WHAT YOU HAVE TO DO –
Where an entry holds an image, leave the image out; otherwise reproduce the entry exactly.

Web page caption snippets
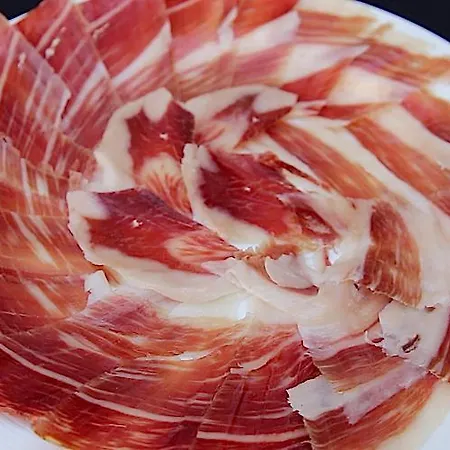 Appartement Rincon Del Salvador 2 Plasence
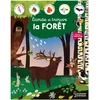 Image de Ecoute et trouve - La forêt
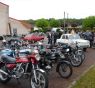 retro moto cycles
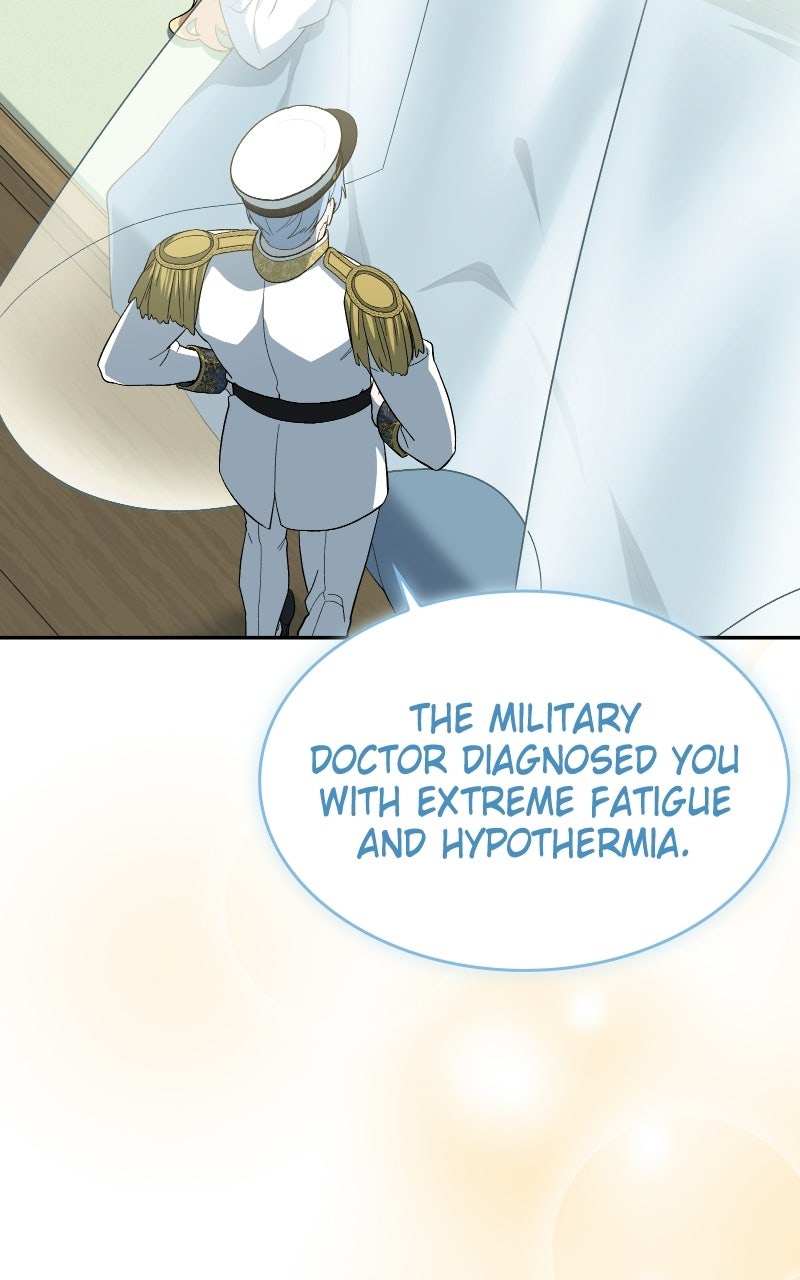 Caught in the DarkNavy Admiral’s Net Episode 2 page 103 - 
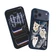 Ốp lưng iPhone 17 Pro Max Mutural The Cat-Xanh navy
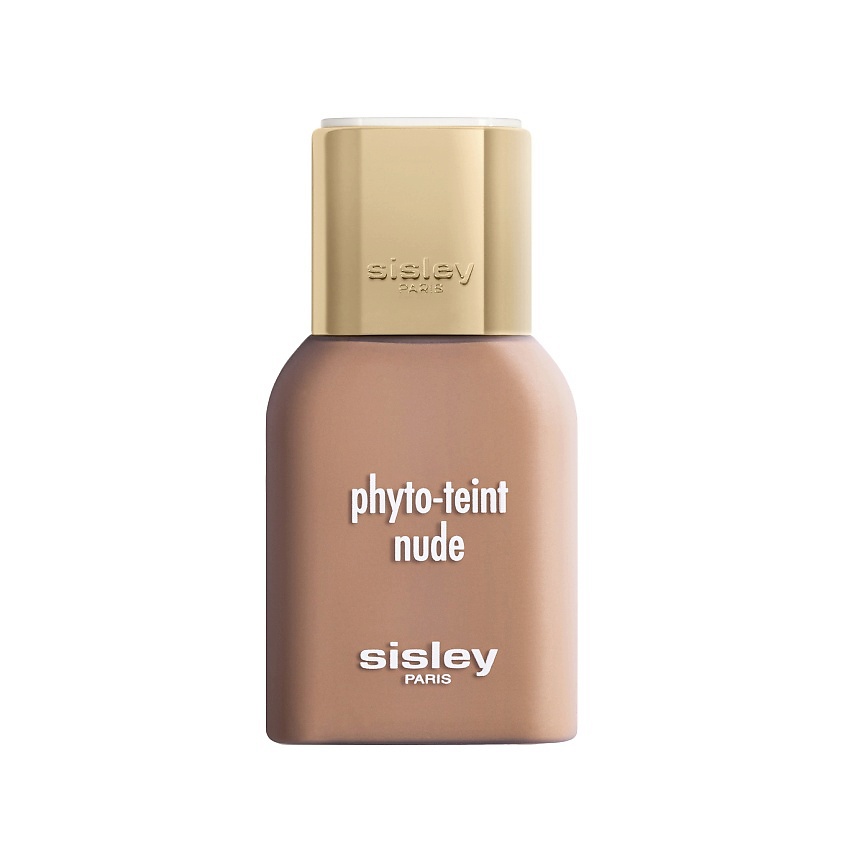 Изображение товара SISLEY Флюид тональный Phyto-Teint Nude 5C Золотистый 30 мл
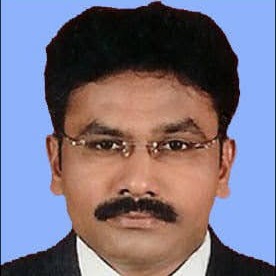 Murali D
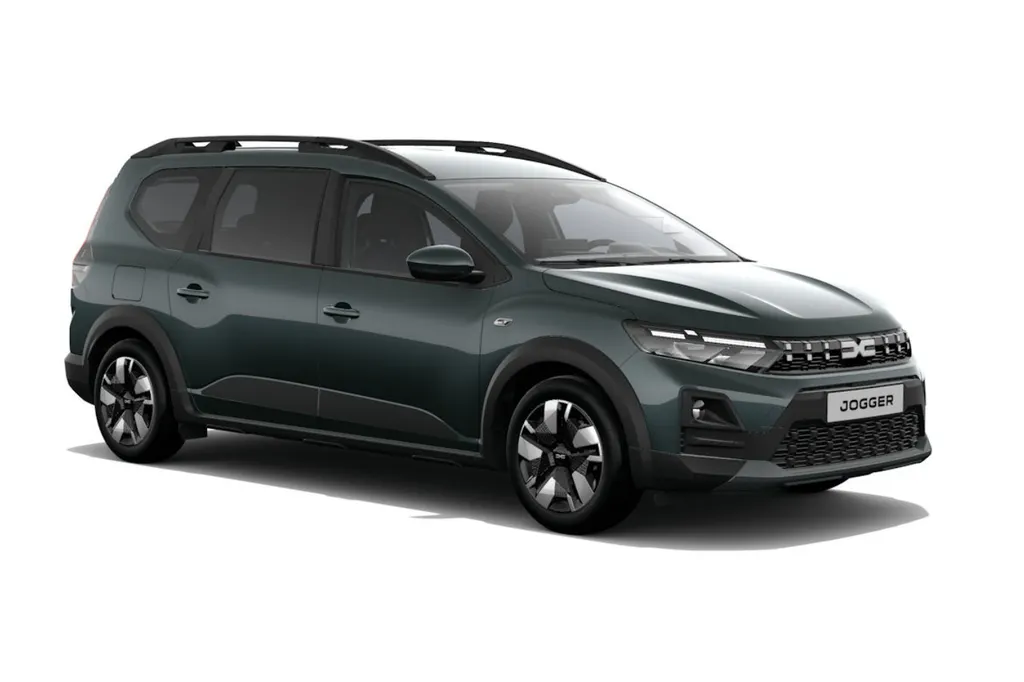 Dacia Jogger De nieuwe TCe 110 expression l Nu te bestellen bij Zeeuw & Zeeuw
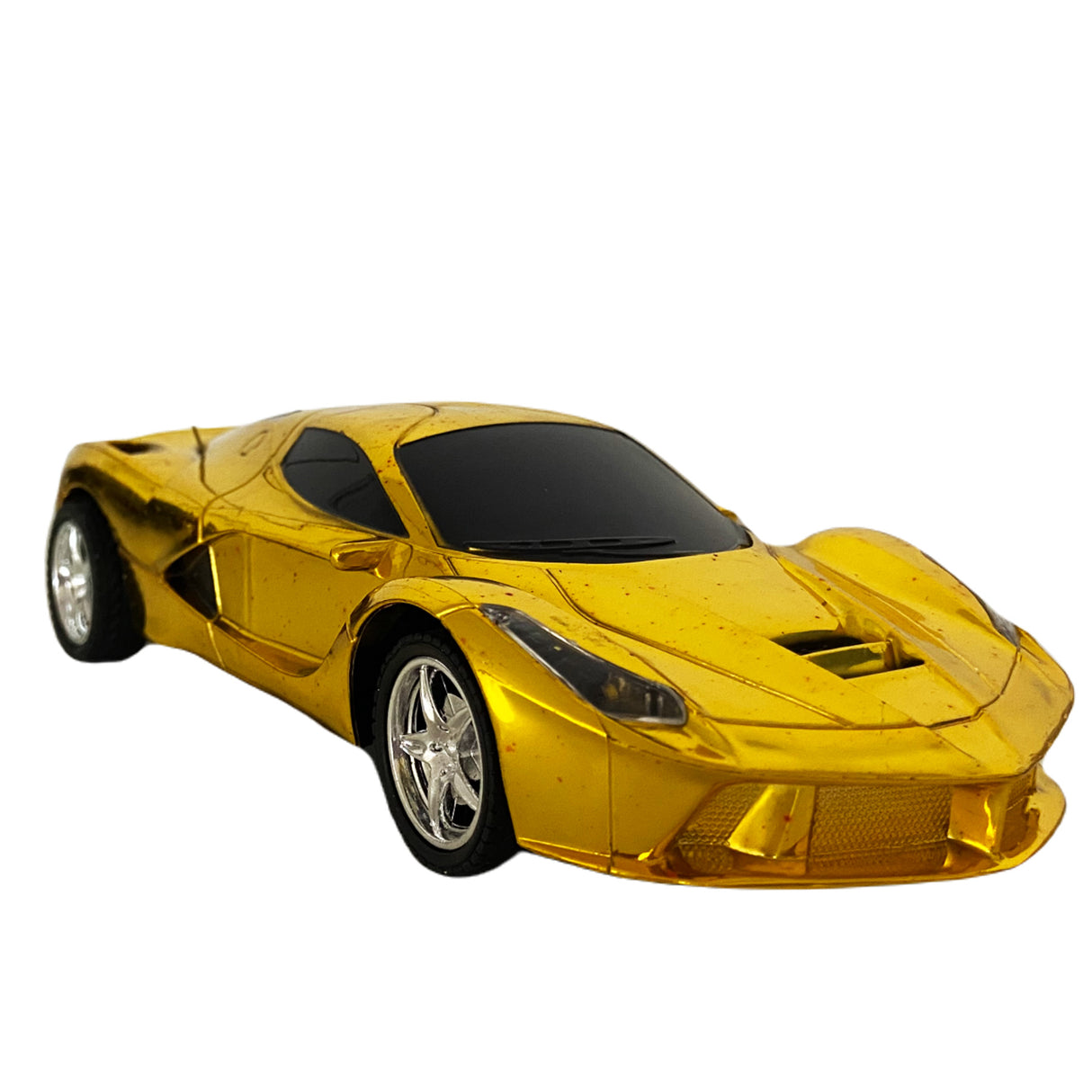 SPORTOWY SAMOCHÓD ZDALNIE STEROWANY+PILOT AUTO RC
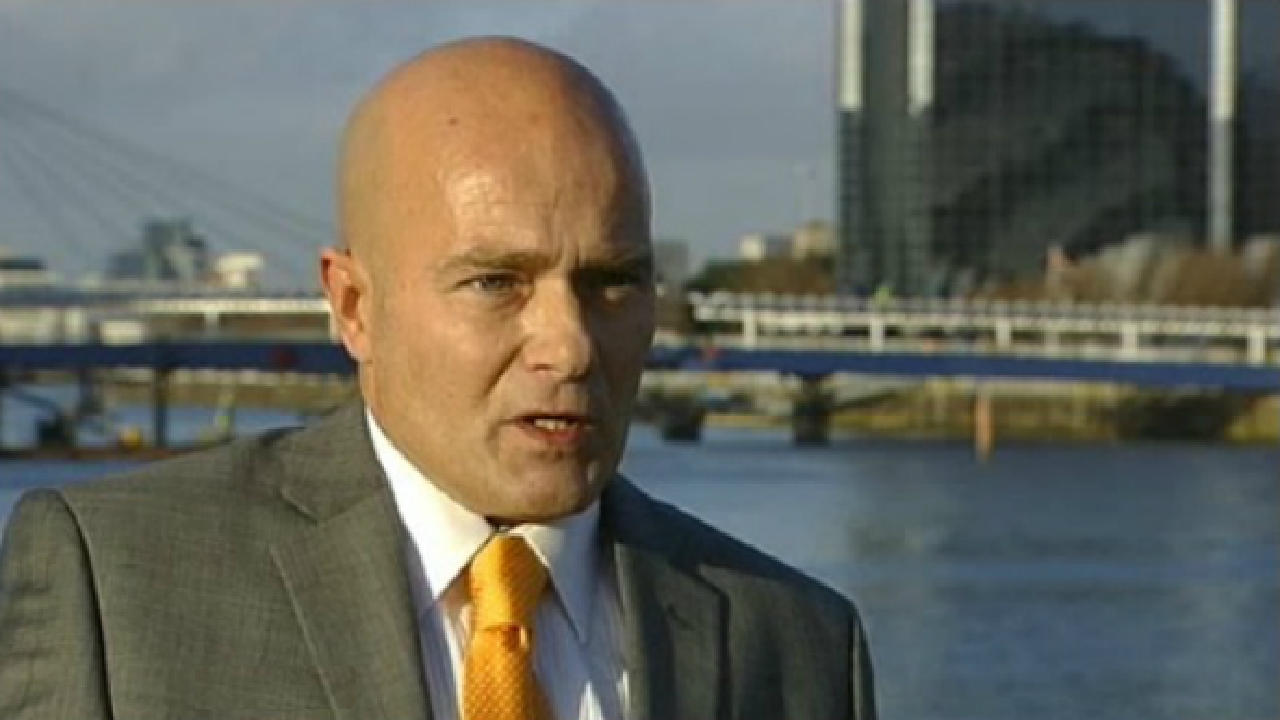 Paul Ferris taking legal advice over gangland rival's autobiography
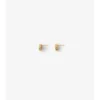 Ekd Coin Earrings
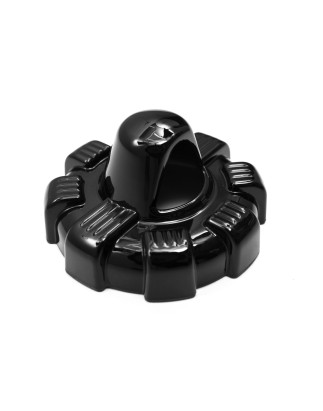 JEEP WRANGLER JK JL PROTEZIONE BASE ANTENNA (Cod. AP-46668_A4x4)
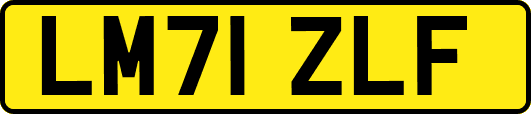 LM71ZLF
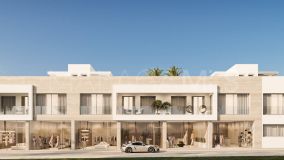 Apartamento en venta en San Pedro de Alcantara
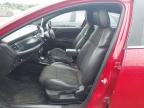 2012 ALFA ROMEO GIULIETTA for sale at Copart WOLVERHAMPTON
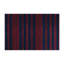 Tapis intérieur / extérieur rouge HorizontalStripes-1554768205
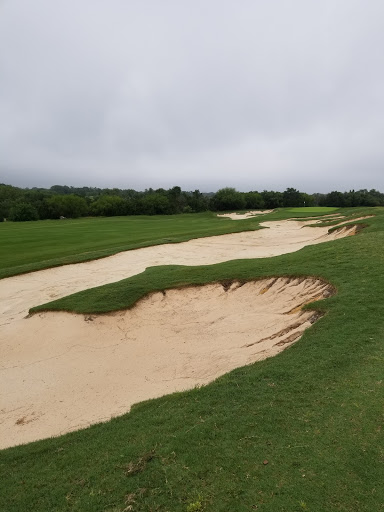 Golf Resort «TPC San Antonio», reviews and photos, 23808 Resort Pkwy, San Antonio, TX 78261, USA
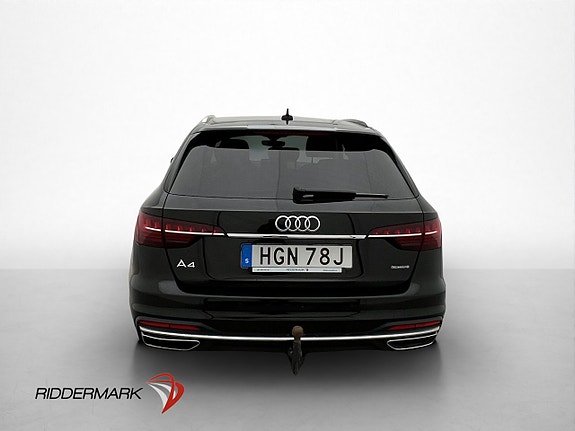 Audi A4 6 of 28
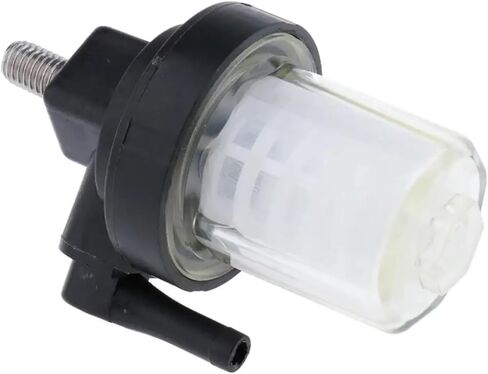 Marine Fuel Filter Oil Water Separator 9.9/15/25/30/40HP Outboard Marine Engine Plastic Fuel Filter in Saudi Arabia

ANSWER SPACE –
 Appartement Rincon Del Salvador 2 Plasence
 Image de Ecoute et trouve - La forêt
 retro moto cycles
 Caught in the DarkNavy Admiral’s Net Episode 2 page 103 - 
 Ốp lưng iPhone 17 Pro Max Mutural The Cat-Xanh navy
 Изображение товара SISLEY Флюид тональный Phyto-Teint Nude 5C Золотистый 30 мл
 Murali D
 Dacia Jogger De nieuwe TCe 110 expression l Nu te bestellen bij Zeeuw & Zeeuw
 SPORTOWY SAMOCHÓD ZDALNIE STEROWANY+PILOT AUTO RC
 Paul Ferris taking legal advice over gangland rival's autobiography
 Ekd Coin Earrings
 JEEP WRANGLER JK JL PROTEZIONE BASE ANTENNA (Cod. AP-46668_A4x4)
 LM71ZLF
 Apartamento en venta en San Pedro de Alcantara
 2012 ALFA ROMEO GIULIETTA for sale at Copart WOLVERHAMPTON
 Tapis intérieur / extérieur rouge HorizontalStripes-1554768205
 Golf Resort «TPC San Antonio», reviews and photos, 23808 Resort Pkwy, San Antonio, TX 78261, USA
 Audi A4 6 of 28
 Marine Fuel Filter Oil Water Separator 9.9/15/25/30/40HP Outboard Marine Engine Plastic Fuel Filter in Saudi Arabia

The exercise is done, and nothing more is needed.